Les travaux du sommet, clôturés lundi 17 août, étaient placés sous le thème de l’industrialisation résiliente, durable et inclusive, à travers notamment les infrastructures, la transformation agricole et la valorisation des ressources minières. La RDC a défendu l’idée d’une montée en gamme industrielle du continent, avec une plus grande capacité à créer de la valeur à partir de ses propres ressources et à construire des chaînes de valeur régionales compétitives.

Le pays de Lumumba entend notamment s’appuyer sur ses importantes réserves de cuivre, de cobalt et de lithium, considérés parmi ses principaux minerais stratégiques. À ces ressources minières s’ajoutent, dans la vision présentée au sommet, les terres arables, les ressources hydriques, les capacités énergétiques ainsi que la jeunesse congolaise. L’objectif affiché est de renforcer la transformation locale, de diversifier l’économie et de mettre en place une base industrielle dont les retombées pourraient profiter aux différents États membres de la SADC.

Pour Kinshasa, cette transformation économique ne peut toutefois être dissociée du développement des infrastructures régionales. Les corridors doivent, selon la vision présentée par Guy Kabombo au nom du chef de l’État, servir davantage que de simples voies d’acheminement des matières premières vers l’extérieur. La RDC souhaite ainsi que leur développement accompagne l’augmentation des échanges entre les pays de la région, stimule les investissements et favorise l’émergence de chaînes de valeur génératrices d’emplois, conformément à l’esprit du Protocole de la SADC sur le commerce.

Cette approche repose également sur une meilleure coordination entre les politiques industrielles des États et sur une intégration régionale davantage centrée sur la production. Pour la RDC, il s’agit de faire en sorte que les ressources naturelles exploitées dans la région puissent être transformées localement, plutôt que de quitter systématiquement le continent à l’état brut. L’interconnexion des infrastructures et la convergence des politiques industrielles sont ainsi présentées comme des éléments essentiels pour parvenir à une réussite régionale partagée.

Le volet sécuritaire a également occupé une place dans la position présentée par la RDC à Durban. Félix Tshisekedi a rappelé, à travers le vice-Premier ministre de la Défense, que la paix et la stabilité constituent des conditions indispensables à une intégration régionale durable. Kinshasa a, dans le même temps, réaffirmé son engagement dans les processus de Washington et de Doha destinés à parvenir à une paix « juste et durable » dans l’est du pays, en faisant état d’avancées récentes dans le cadre de l’accord de Washington.
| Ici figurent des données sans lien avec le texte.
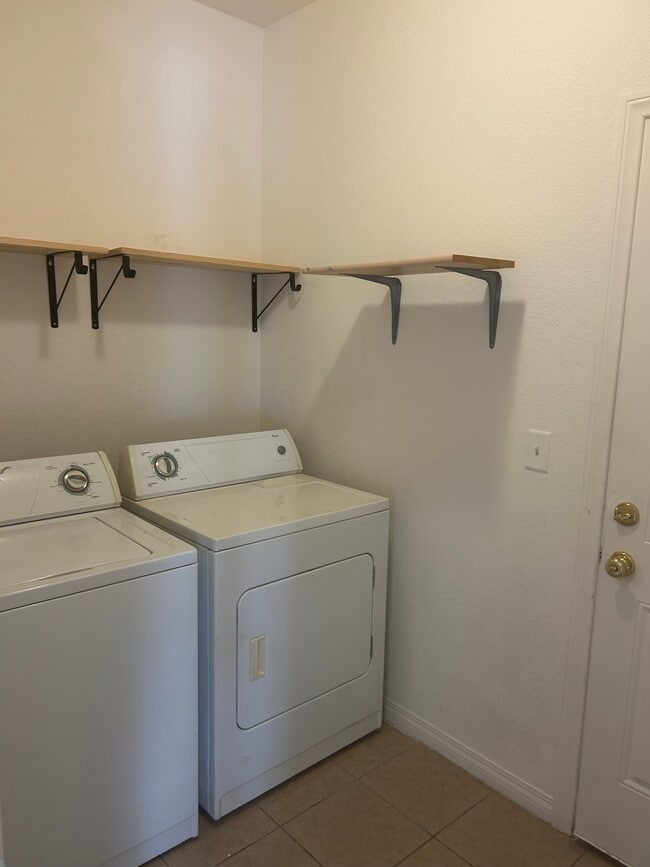 Washer and dryer in laundry room - 10730 Garibaldi Dr Unidad A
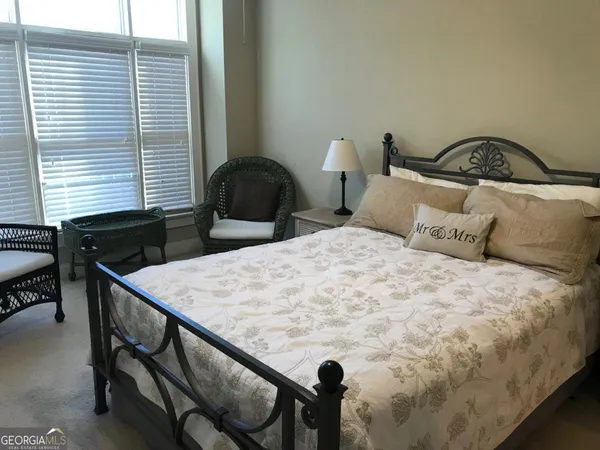a bedroom with a bed and a table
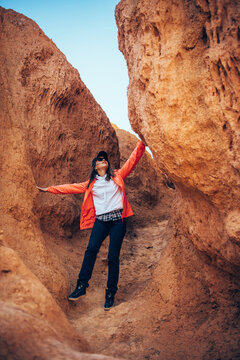 Young happy woman tourist standing in red canyon. Brave female hiker in solo trekking. Adventure, wanderlust, sightseeing. Vertical image.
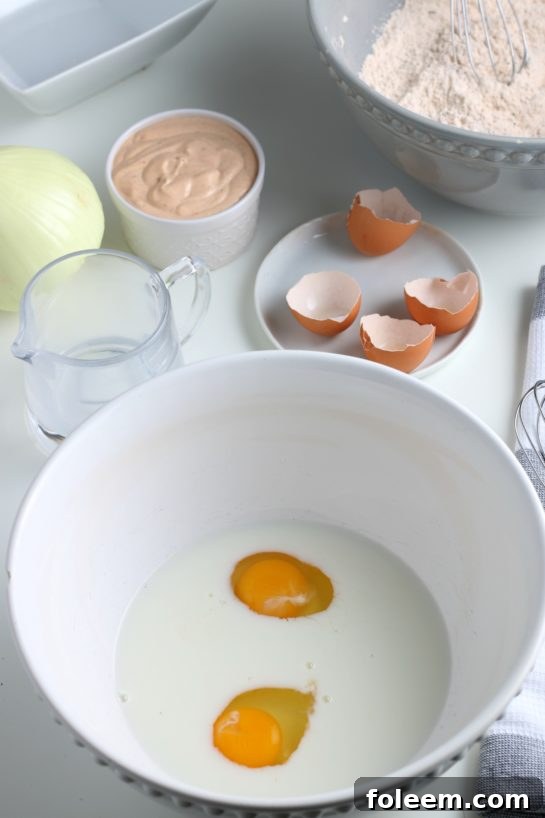 Two large eggs being cracked into a bowl of dry ingredients, preparing the wet batter for the blooming onion recipe.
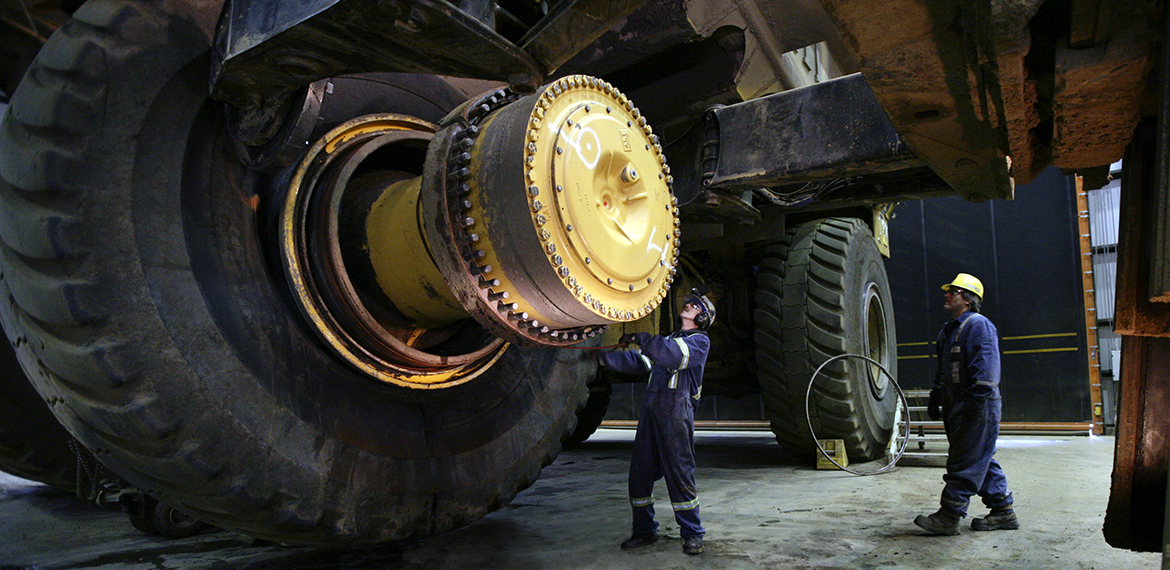 Workers inspecting a large mining truck
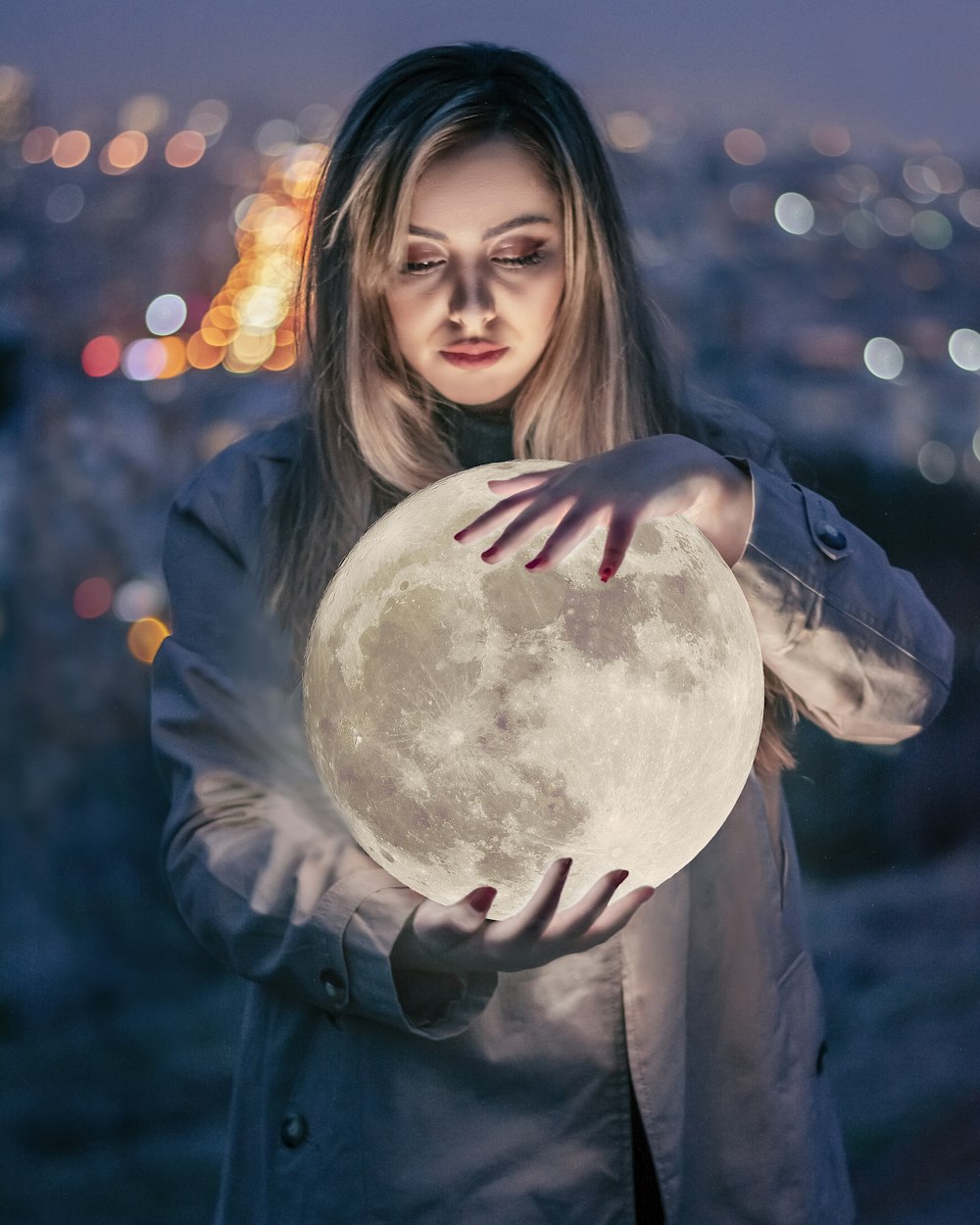 a woman holding a full moon in her hands
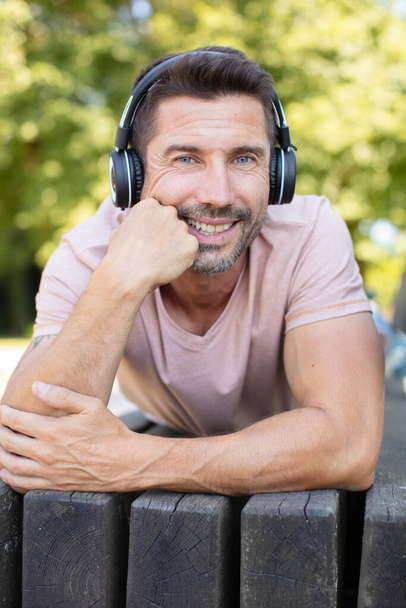 happy man listening to music on a bench outdoors - 写真・画像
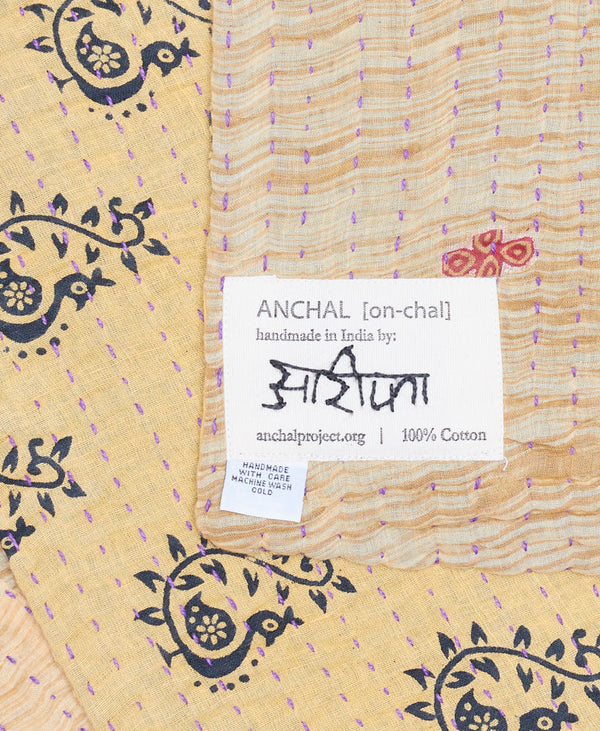 small lap quilt by anchal project featuring the signature of the artisan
Au terme de ce 46ᵉ sommet, la SADC a de son côté renouvelé son soutien à la République démocratique du Congo. La rencontre, présidée par le chef de l’État sud-africain Cyril Ramaphosa, a réaffirmé la solidarité de l’organisation envers le peuple congolais et son engagement en faveur des initiatives régionales et internationales visant à répondre aux difficultés persistantes en RDC. 

Les dirigeants de la SADC ont notamment insisté sur la protection des civils, l’action humanitaire, la santé publique et la nécessité d’un dialogue inclusif. Sur le plan sanitaire, ils ont appelé au renforcement de la surveillance des maladies, au partage rapide des informations et à une meilleure coordination régionale, tout en demandant le maintien du soutien à la RDC dans sa lutte contre l’épidémie d’Ebola.